Information provided
________

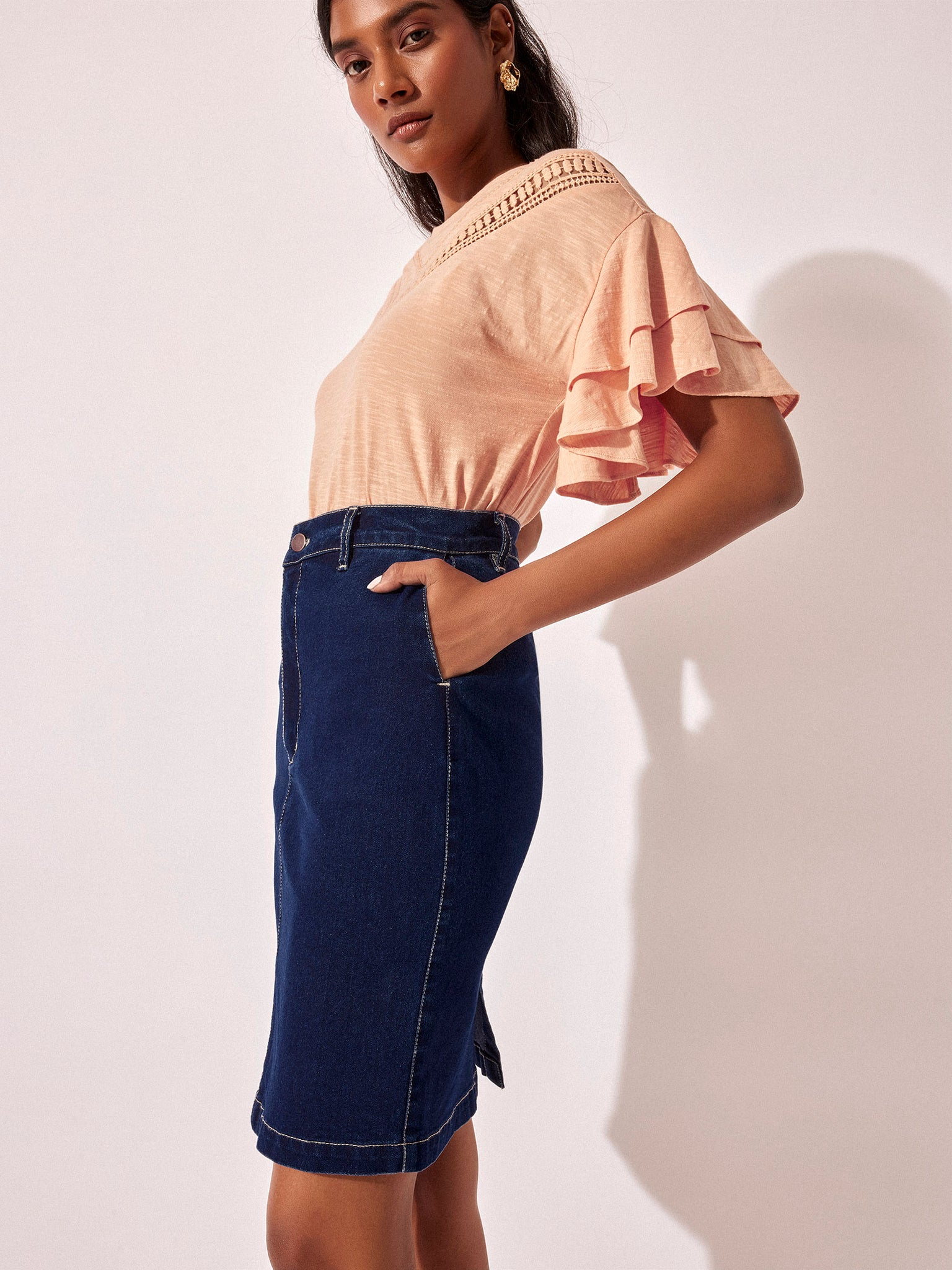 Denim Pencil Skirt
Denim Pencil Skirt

________

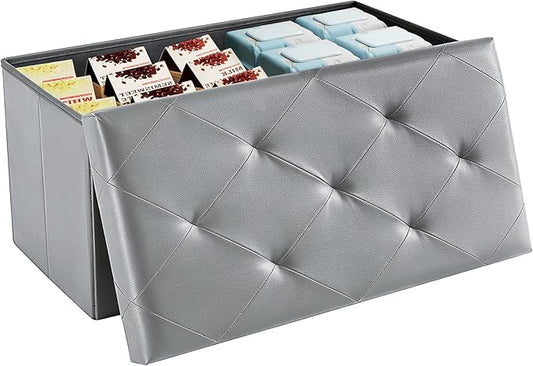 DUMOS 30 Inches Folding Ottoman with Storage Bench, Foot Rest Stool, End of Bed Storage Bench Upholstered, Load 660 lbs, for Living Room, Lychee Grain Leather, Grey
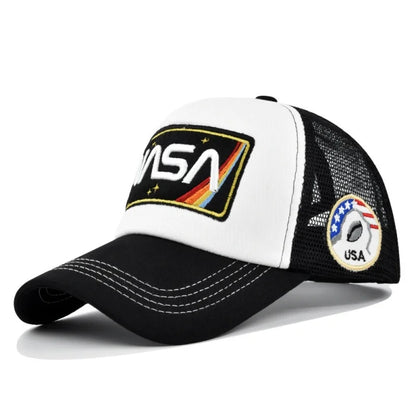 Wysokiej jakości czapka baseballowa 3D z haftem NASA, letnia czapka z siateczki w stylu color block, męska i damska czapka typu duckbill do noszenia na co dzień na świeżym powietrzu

________

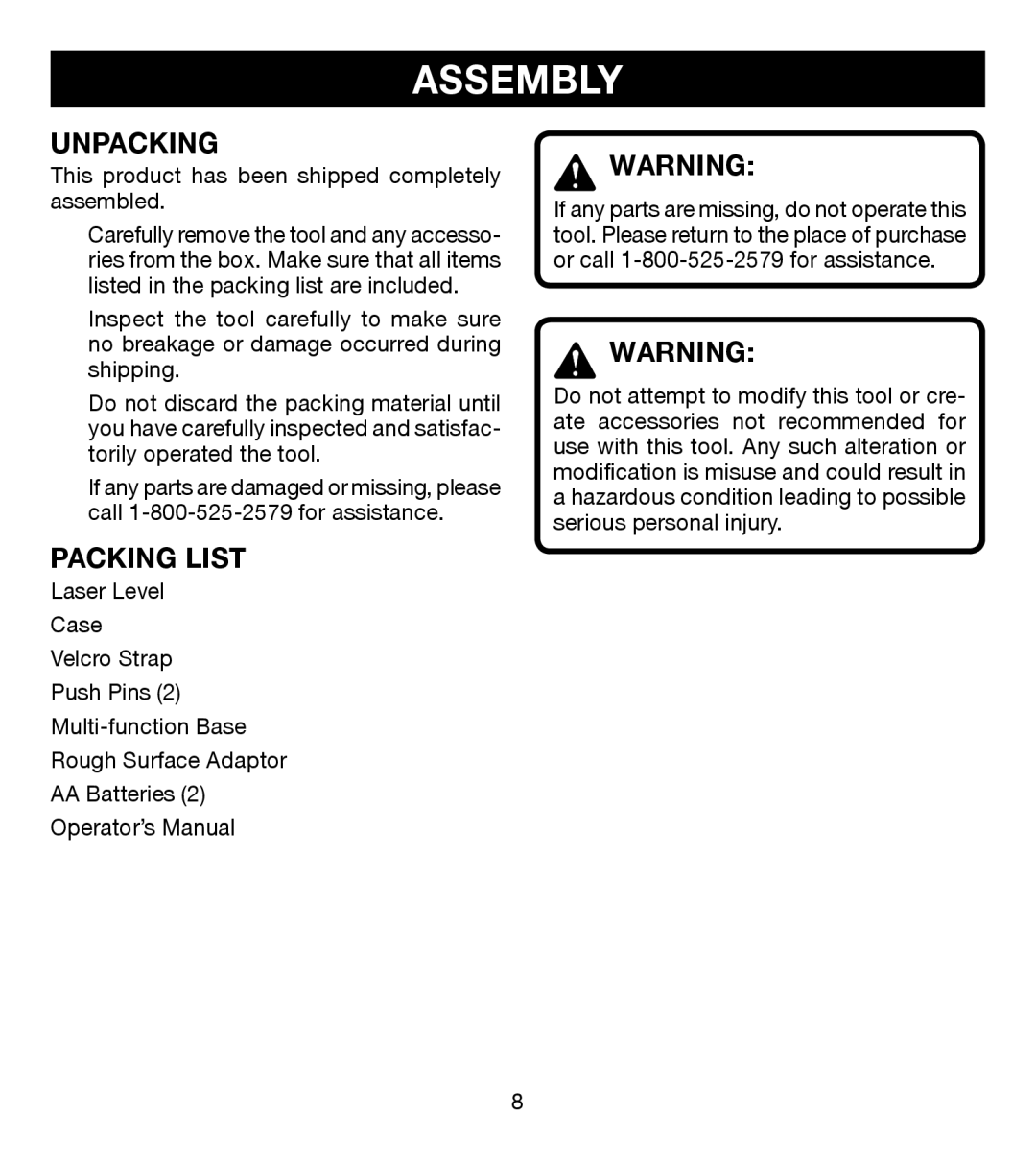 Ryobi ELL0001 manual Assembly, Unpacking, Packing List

________

What this task involves
What is needed is an exact copy of the lines above, from the one holding "DUMOS 30 Inches" down to the one holding "Wysokiej jakości czapka", with those two included and the pictures left out.

Response to the exercise
 DUMOS 30 Inches Folding Ottoman with Storage Bench, Foot Rest Stool, End of Bed Storage Bench Upholstered, Load 660 lbs, for Living Room, Lychee Grain Leather, Grey
 Wysokiej jakości czapka baseballowa 3D z haftem NASA, letnia czapka z siateczki w stylu color block, męska i damska czapka typu duckbill do noszenia na co dzień na świeżym powietrzu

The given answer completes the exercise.